Pour sa part, la procureure estime que les faits sont "reconnus et matérialisés". Elle fustige le comportement des prévenus à la barre, déplorant le positionnement de Raynald L. : "Il fait des affirmations débiles qui le font même rire", en rapport avec le fait de dire qu'il jette les bijoux dans les égouts. "Au-delà de leur valeur, ces objets ont une grande valeur sentimentale et ça le fait quand même rire devant votre tribunal", insiste la magistrate qui conclut : "Nous ne sommes plus devant le tribunal pour enfant, lls vont devoir assumer". À ce titre, elle requiert 2 ans de prison pour Raynald L. et 18 mois pour Jean T., avec maintien en détention pour les deux, histoire de rendre hommage à l'intégralité de leur œuvre.

De l'autre coté de la barre, la défense dénonce des "peines particulièrement sévères", qui ne tiennent pas compte du parcours personnel des deux prévenus.
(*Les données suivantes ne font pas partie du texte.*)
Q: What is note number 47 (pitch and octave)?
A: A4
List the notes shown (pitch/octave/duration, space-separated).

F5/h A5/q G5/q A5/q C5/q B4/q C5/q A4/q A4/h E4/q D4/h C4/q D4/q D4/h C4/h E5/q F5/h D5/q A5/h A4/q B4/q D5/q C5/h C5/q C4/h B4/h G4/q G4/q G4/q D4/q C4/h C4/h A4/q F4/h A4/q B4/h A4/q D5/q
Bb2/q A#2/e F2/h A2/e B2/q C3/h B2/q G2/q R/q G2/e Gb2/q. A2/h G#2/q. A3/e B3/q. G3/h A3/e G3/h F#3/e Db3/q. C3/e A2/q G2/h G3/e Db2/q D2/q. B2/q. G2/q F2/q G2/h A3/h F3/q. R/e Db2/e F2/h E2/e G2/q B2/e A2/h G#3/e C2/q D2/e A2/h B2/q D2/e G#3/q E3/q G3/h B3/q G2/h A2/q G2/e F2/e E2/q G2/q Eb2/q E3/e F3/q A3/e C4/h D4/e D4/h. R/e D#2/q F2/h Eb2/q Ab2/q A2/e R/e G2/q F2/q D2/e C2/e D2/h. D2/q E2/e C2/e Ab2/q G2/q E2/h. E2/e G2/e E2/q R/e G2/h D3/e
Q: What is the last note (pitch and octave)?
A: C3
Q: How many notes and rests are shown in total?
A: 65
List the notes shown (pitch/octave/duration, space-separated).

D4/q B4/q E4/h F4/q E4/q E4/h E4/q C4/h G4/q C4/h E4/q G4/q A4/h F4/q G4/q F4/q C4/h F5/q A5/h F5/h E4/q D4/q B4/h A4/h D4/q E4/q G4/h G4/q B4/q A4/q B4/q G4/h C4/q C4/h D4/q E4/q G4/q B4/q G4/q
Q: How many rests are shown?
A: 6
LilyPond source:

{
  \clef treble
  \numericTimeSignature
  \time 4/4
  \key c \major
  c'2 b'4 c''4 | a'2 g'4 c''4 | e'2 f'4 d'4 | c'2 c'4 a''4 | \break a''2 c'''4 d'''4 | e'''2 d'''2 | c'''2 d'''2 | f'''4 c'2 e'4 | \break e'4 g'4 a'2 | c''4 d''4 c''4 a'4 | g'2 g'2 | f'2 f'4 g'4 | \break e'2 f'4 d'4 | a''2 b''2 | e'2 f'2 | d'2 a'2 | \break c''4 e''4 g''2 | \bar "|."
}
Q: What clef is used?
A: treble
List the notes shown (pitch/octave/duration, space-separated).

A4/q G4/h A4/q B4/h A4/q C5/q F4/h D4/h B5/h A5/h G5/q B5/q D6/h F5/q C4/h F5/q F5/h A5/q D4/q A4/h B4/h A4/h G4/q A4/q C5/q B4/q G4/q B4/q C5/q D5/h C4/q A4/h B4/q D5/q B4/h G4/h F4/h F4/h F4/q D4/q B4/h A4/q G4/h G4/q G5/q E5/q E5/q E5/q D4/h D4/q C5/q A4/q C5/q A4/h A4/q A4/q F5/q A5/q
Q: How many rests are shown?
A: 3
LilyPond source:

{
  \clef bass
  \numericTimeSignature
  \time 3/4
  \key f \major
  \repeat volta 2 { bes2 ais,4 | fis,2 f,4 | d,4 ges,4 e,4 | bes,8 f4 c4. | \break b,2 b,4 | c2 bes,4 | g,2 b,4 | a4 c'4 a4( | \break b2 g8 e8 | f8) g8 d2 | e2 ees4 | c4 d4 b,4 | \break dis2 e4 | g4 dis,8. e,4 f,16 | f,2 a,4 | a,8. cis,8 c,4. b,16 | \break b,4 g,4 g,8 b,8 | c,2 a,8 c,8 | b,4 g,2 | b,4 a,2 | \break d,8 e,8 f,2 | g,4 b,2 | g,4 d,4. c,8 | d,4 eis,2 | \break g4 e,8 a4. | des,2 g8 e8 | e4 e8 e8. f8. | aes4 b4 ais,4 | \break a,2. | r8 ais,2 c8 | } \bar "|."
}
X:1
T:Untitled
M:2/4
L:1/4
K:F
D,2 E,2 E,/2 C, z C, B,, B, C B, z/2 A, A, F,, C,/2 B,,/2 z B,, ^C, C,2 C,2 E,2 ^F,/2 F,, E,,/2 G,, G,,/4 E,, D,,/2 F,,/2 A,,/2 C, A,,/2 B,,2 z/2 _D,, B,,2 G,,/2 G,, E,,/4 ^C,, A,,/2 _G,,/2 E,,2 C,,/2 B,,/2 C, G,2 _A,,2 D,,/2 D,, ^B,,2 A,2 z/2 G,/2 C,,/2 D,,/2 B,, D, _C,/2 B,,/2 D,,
La robe noire évoque "les difficultés liées à leur enfance" qui a été "désastreuse". "Il y a mieux à faire pour qu'ils prennent conscience de la réalité dans laquelle ils vivent. Ils sont jeunes et immatures", conclut la défense qui plaide pour qu'ils ne soient pas incarcérés.

Peine perdue puisque le tribunal suit les réquisitions du parquet, ajoutant 4 mois de révocation de sursis pour Jean T. Ils sont tous deux maintenus en détention.